[Information supplied Boundary: Start]

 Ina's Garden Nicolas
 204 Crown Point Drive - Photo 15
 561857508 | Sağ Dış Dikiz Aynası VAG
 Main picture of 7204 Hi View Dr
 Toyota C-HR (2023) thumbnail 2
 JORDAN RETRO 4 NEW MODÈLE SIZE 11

[Information supplied Boundary: End]
[Information supplied Boundary: Start]

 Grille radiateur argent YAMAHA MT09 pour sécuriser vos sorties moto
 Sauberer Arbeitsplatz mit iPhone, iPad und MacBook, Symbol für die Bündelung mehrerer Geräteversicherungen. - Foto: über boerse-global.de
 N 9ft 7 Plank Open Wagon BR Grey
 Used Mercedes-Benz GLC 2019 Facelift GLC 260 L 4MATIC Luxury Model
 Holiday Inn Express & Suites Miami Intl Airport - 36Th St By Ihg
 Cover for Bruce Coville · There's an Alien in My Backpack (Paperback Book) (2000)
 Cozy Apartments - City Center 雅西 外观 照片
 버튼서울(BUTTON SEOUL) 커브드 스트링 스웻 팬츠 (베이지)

[Information supplied Boundary: End]

- **Exercise directions**:
Your task for the entries above: copy exactly the span starting with the line with "Ina's Garden Nicolas" and going on through the line with "JORDAN RETRO 4 NEW MODÈLE SIZE 11", both lines included, and nothing else.

- **Solution for this exercise**:
 Ina's Garden Nicolas
 204 Crown Point Drive - Photo 15
 561857508 | Sağ Dış Dikiz Aynası VAG
 Main picture of 7204 Hi View Dr
 Toyota C-HR (2023) thumbnail 2
 JORDAN RETRO 4 NEW MODÈLE SIZE 11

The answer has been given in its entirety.